Charity warns having a job no longer enough to protect from hardship, as thousands across NI struggle to afford food

Foodbank charity Trussell says severe hardship is "being normalised"

Foodbank
Author: Chloe StjohnPublished 10th Sep 2025

A charity is warning more than half a million people across Northern Ireland faced hunger last year after struggling to afford food.

Trussell is also warning having a job is no longer protecting people from hardship, with nearly one third of those referred to its foodbanks here in working households.

The charity says severe hardship is being ‘normalised’, as thousands of people in Northern Ireland are on the brink of hunger without turning to a food bank or charitable food provider, and having to go without essentials like food or heating as a routine part of life.

We spoke to a single mum from County Tyrone who works as a part-time carer and ended up reaching out to the charity for help.

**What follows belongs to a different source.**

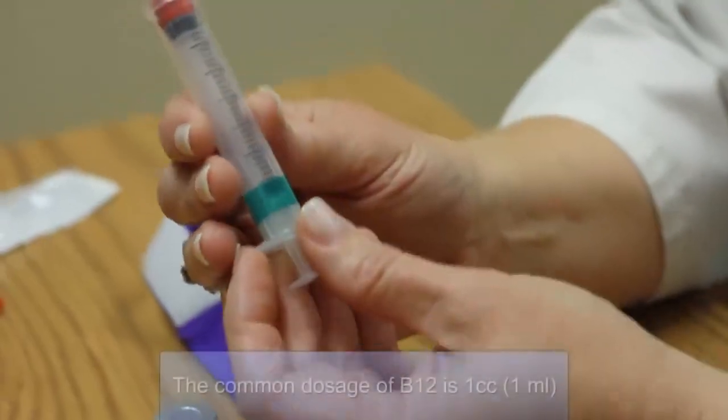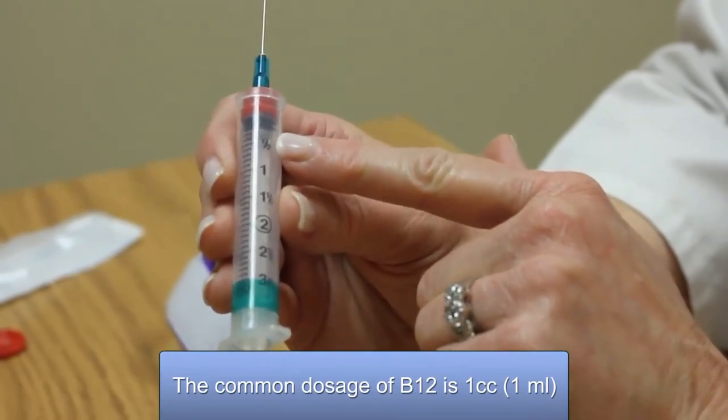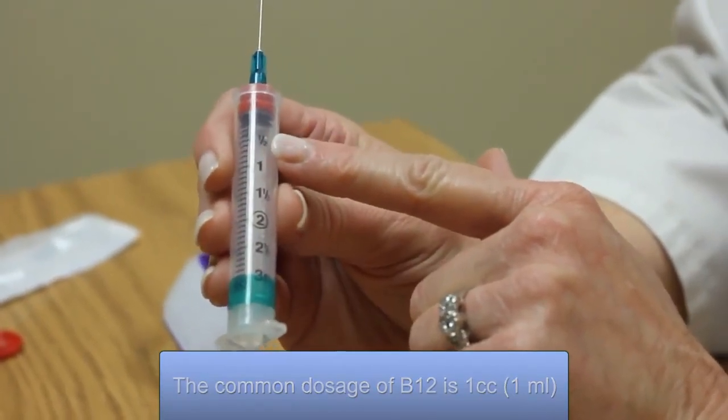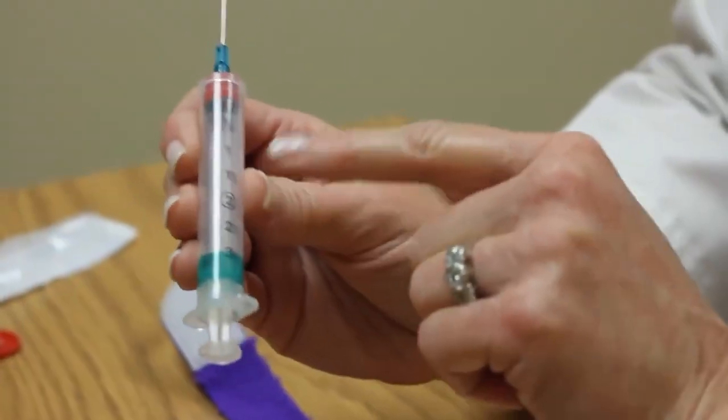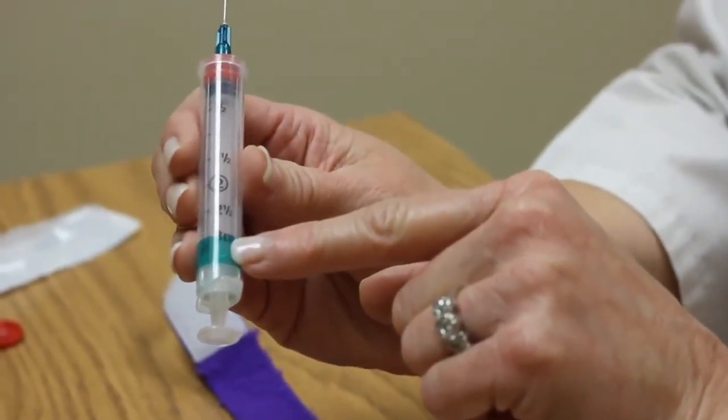Go ahead and open your alcohol swab and get it ready, or get your cotton ball ready. I'm going to take out the syringe. All of the syringes you use will always have numbers on it. The most common dosage of vitamin B12 is what we call 1 cc or 1 ml. According to your physician, he may choose to give you a different dose. On the 3 cc syringe, it's numbered from a half cc to 3 cc.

She told us the cost-of-living crisis is pushing people to the brink, “Everything’s just going up. Your local shopping, insurance, electric, gas, oil.”

“If something breaks down in your house that costs a couple of hundred pounds, a lot of people think where am I going to pull that out of this month?.”

She continued, “I just knew I had to do something because I couldn’t keep living off nothing. Once my bills came out that was it…I couldn’t even go to the swimming pool with my daughter or anything.”

Trussell is calling on the UK government and NI Executive to urgently strengthen social security and deliver on manifesto commitments to end the need for emergency food.